- First published in: 1726
- Country: England
- Language: English
- Publisher: Mist's Weekly Journal

= The Ballad of Molly Mogg =

1726 poem by John Gay

The Ballad of Molly Mogg (first published as "Molly Mogg, or the Fair Maid of the Inn") is a poem written by John Gay with contributions from Alexander Pope and Dean Swift.
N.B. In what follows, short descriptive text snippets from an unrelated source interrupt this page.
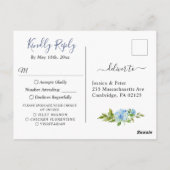 Blue Hydrangeas Bruiloft RSVP met Maaltijd Keuze Briefkaart (Achterkant)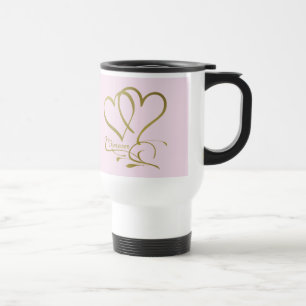 Caneca Térmica Cores de fundo editáveis Forever Hearts Gold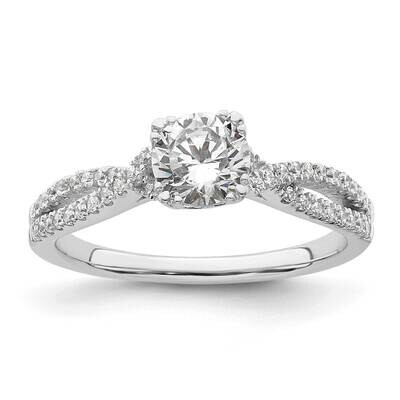 Criss-Cross Holds 3/4 Carat 5.8mm Round Center 1/5 Carat Diamond Semi-Mount Engagement Ring 14k Whi…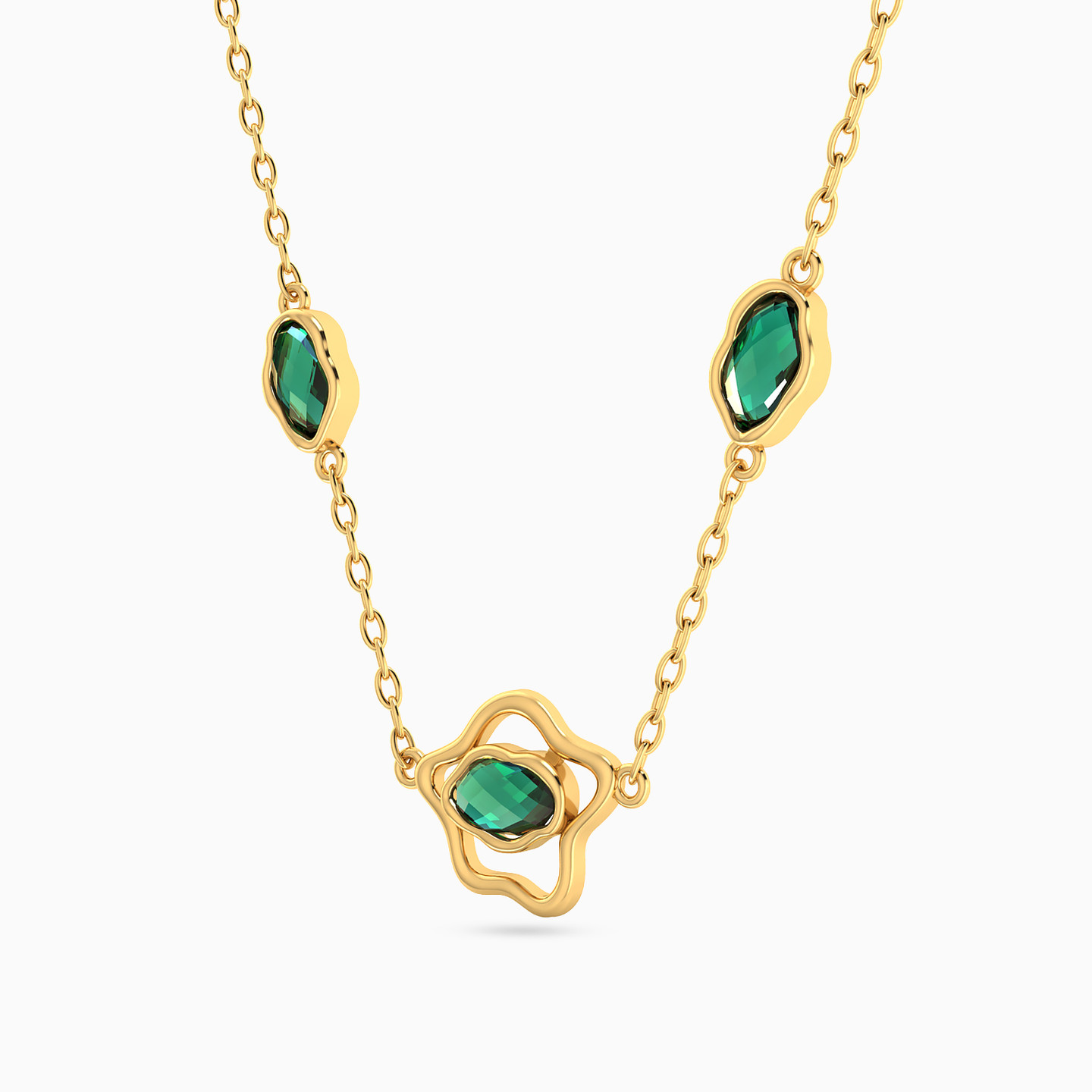Star Green Stones Chain Necklace in 18K Gold - 2 Star Green Stones Chain Necklace in 18K Gold - 2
It is written about Molly Mogg, the beautiful barmaid at the Rose Inn, Wokingham, England.

==Background==
In the early 18th century, Gay, Swift and Pope were regular customers to the Rose Inn public house in Wokingham, which was run by John Mogg (though John Timbs identifies the public house as the Rose Inn in Covent Garden) On one visit, they were forced to stay in the inn longer than planned due to a storm. To pass the time, they wrote verses about Molly, the attractive eldest daughter of the landlord. The poem alludes to the melancholy mood of Edward Standen, the heir to Arborfield Manor and customer of the inn, who had fallen in love with (and was repeatedly rejected by) Molly.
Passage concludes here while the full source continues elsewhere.